Carbohydrates

Functions of Carbohydrates

Sparing Protein and Preventing Ketosis

So why are carbohydrates important if the body can use other carbon compounds such as fatty acids and ketones as energy? First of all, maintaining a regular intake of carbohydrates will prevent protein from being used as an energy source. Gluconeogenesis will slow down and amino acids will be freed for the biosyntheses of enzymes, antibodies, receptors and other important proteins. Furthermore, an adequate amount of carbohydrates will prevent the degradation of skeletal muscle and other tissues such as the heart, liver, and kidneys. Most importantly, ketosis will be prevented. Although the brain will adapt to using ketones as a fuel, it preferentially uses carbohydrates and requires a minimum level of glucose circulating in the blood in order to function properly. Before the adaptation process occurs, lower blood glucose levels may cause headaches in some individuals. To prevent these ketotic symptoms, it is recommended that the average person consume at least 50 to 100g of carbohydrates per day.

Although the processes of protein degradation and ketosis can create problems of their own during prolonged fasting, they are adaptive mechanisms during glucose shortages. In summary, the first priority of metabolism during a prolonged fast is to provide enough glucose for the brain and other organs that dependent upon it for energy in order to spare proteins for other cellular functions. The next priority of the body is to shift the use of fuel from glucose to fatty acids and ketone bodies. From then on, ketones become more and more important as a source of fuel while fatty acids and glucose become less important.

Flavor and Sweeteners

A less important function of carbohydrates is to provide sweetness to foods. Receptors located at the tip of the tongue bind to tiny bits of carbohydrates and send what humans perceive as a "sweet" signal to the brain. However, different sugars vary in sweetness. For example, fructose is almost twice as sweet as sucrose and sucrose is approximately 30% sweeter than glucose.

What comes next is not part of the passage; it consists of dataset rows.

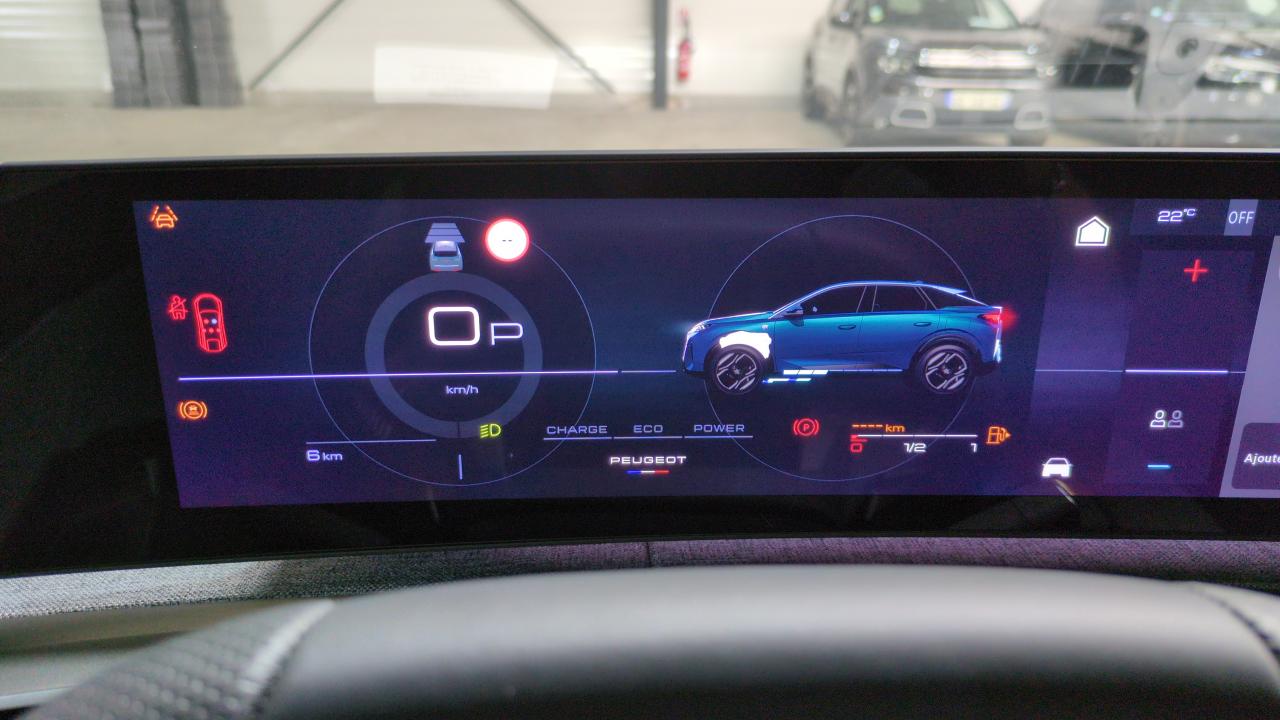 PEUGEOT 3008  HYBRID 136 E-DCS6 GT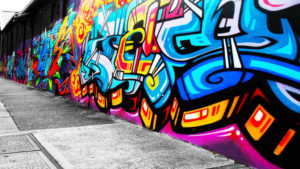 Что учесть при выборе обоев с граффити?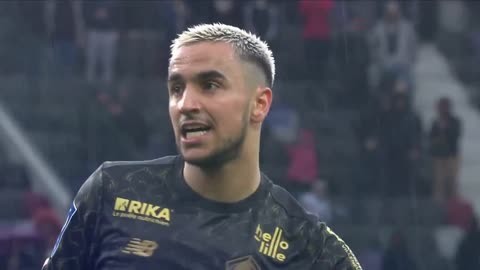 国安惨败越南夜， 邵佳一当场黑脸， 两大国脚恐遭永久除名！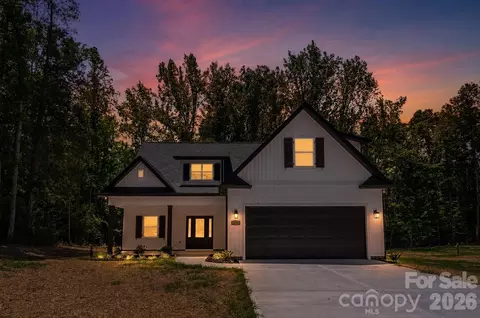 5005 Oconee Dr, Stanley, NC 28164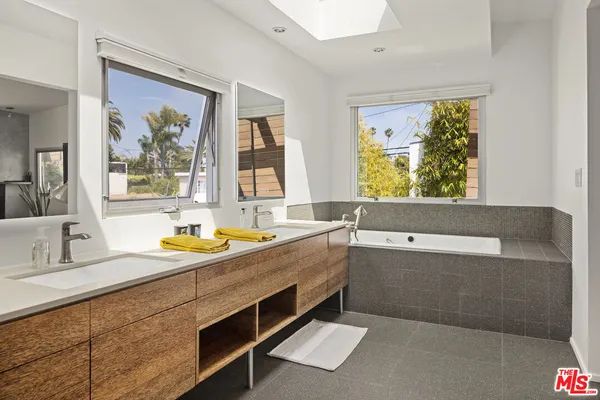 $17,800 | 710 Milwood Avenue, Venice, CA 90291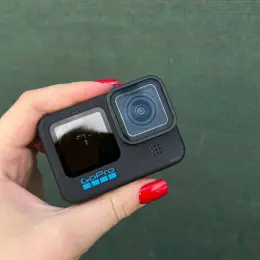 Екшн-камера GoPro Hero 10 з триподом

Sweeteners can be classified as either nutritive or alternative. Nutritive sweeteners have all been mentioned before and include sucrose, glucose, fructose, high fructose corn syrup, and lactose. These types of sweeteners not only impart flavor to the food, but can also be metabolized for energy. In contrast, alternative sweeteners provide no food energy and include saccharin, cyclamate, aspartame, and acesulfame. Controversy over saccharin and cyclamate as artificial sweeteners still exists but aspartame and acesulfame are used extensively in many foods in the United States. Aspartame and acesulfame are both hundreds of times sweeter than sucrose but only acesulfame is able to be used in baked goods since it is much more stable than aspartame when heated.

Dietary Fiber

Dietary fibers such as cellulose, hemicellulose, pectin, gum and mucilage are important carbohydrates for several reasons. Soluble dietary fibers like pectin, gum and mucilage pass undigested through the small intestine and are degraded into fatty acids and gases by the large intestine. The fatty acids produced in this way can either be used as a fuel for the large intestine or be absorbed into the bloodstream. Therefore, dietary fiber is essential for proper intestinal health.

In general, the consumption of soluble and insoluble fiber makes the elimination of waste much easier. Since dietary fiber is both indigestible and an attractant of water, stools become large and soft. As a result, feces can be expelled with less pressure. However, not enough fiber consumption will change the constitution of the stool and increase the amount of force required during defecation. Excessive pressure during the elimination of waste can force places in the large intestine wall out from between bands of smooth muscle to produce small pouches called diverticula. Hemorrhoids may also result from unnecessary strain during defecation.